I'm fairly certain that RefStack can't be implemented in safe Rust without copying out the str into owned Strings, so my question is how this can be done in unsafe Rust. It feels like I might be able to get a solution such that:

  • The unsafeness is confined to the implementation of RefStack
  • The reference returned by st.get() should live at least as long as the current instance of the do_recursion function (in particular, it should be able to live past the call to st.with_element(), and this is logically safe since the &T that is returned by st.get() isn't referring to any memory owned by the RefStack anyway)

How can such a struct be implemented in (unsafe) Rust?

It feels that I could just cast the element references to pointers and store them as pointers, but I will still face difficulties expressing the requirement in the second bullet point above when casting them back to references. Or is there a better way (or by any chance is such a struct implementable in safe Rust, or already in some library somewhere)?


Solution

  • Based on rodrigo's answer, I implemented this slightly simpler version:

    struct RefStack<'a, T: ?Sized + 'static> {
        content: Vec<&'a T>,
    }
    
    impl<'a, T: ?Sized + 'static> RefStack<'a, T> {
        fn new() -> Self {
            RefStack {
                content: Vec::new(),
            }
        }
    
        fn get(&self, index: usize) -> &'a T {
            self.content[index]
        }
    
        fn len(&self) -> usize {
            self.content.len()
        }
    
        fn with_element<'t, F: >(&mut self, el: &'t T, f: F)
        where
            F: FnOnce(&mut RefStack<'t, T>),
            'a: 't,
        {
            let mut st = RefStack {
                content: std::mem::take(&mut self.content),
            };
            st.content.push(el);
            f(&mut st);
            st.content.pop();
            self.content = unsafe { std::mem::transmute(st.content) };
        }
    }
    

    The only difference to rodrigo's solution is that the vector is represented as vector of references instead of pointers, so we don't need the PhantomData and the unsafe code to access an element.
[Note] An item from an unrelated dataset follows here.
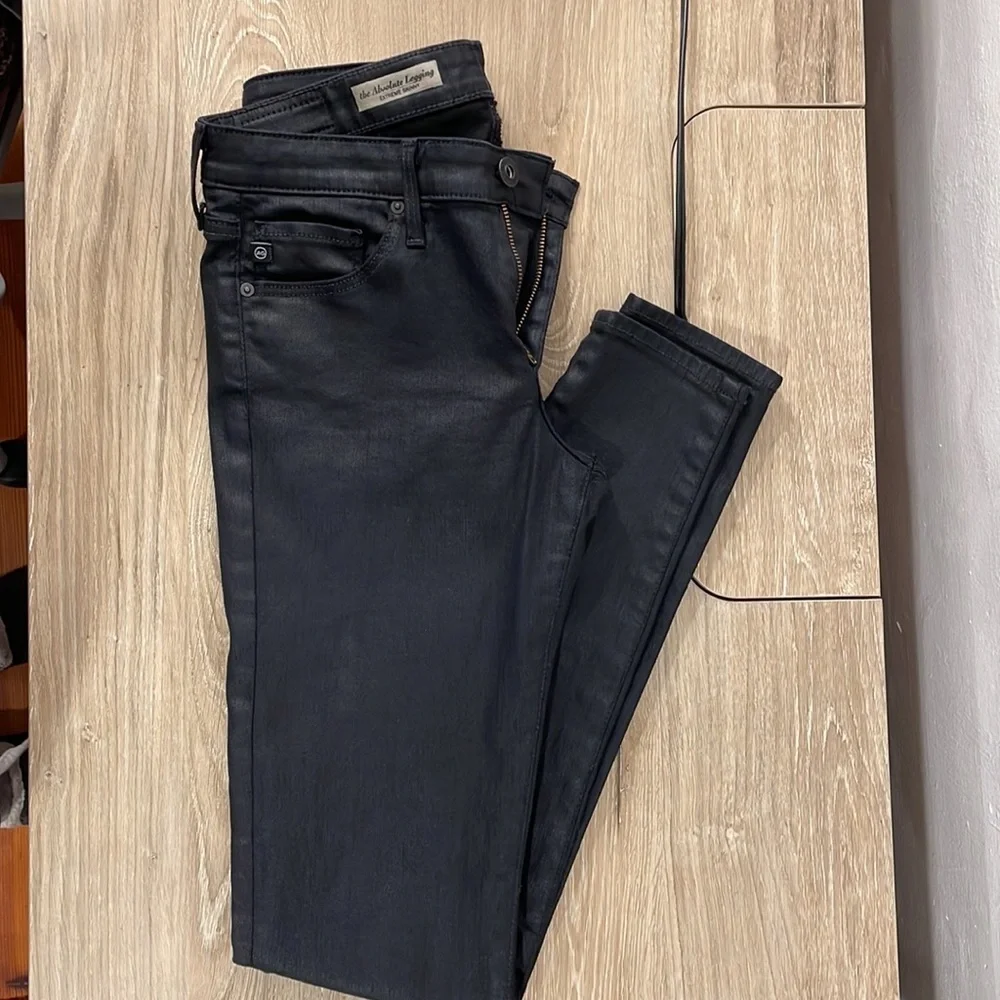 AG Adriano Goldschmied the Absolute Legging EXTREME SKINNY - Picture 1 of 11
    When a new element is pushed to the stack in with_element(), we require that it has a shorter lifetime than the existing elements with the a': t' bound. We then create a new stack with the shorter lifetime, which is possible in safe code since we know the data the references in the vector are pointing to even lives for the longer lifetime 'a. We then push the new element with lifetime 't to the new vector, again in safe code, and only after we removed that element again we move the vector back in it's original place. This requires unsafe code since we are extending the lifetime of the references in the vector from 't to 'a this time. We know this is safe, since the vector is back to its original state, but the compiler doesn't know this.

    I feel this version represents the intent better than rodrigo's almost identical version. The type of the vector always is "correct", in that it desribes that the elements are actually references, not raw pointers, and it always assigns the correct lifetime to the vector. And we use unsafe code exactly in the place where something potentially unsafe happens – when extending the lifetime of the references in the vector.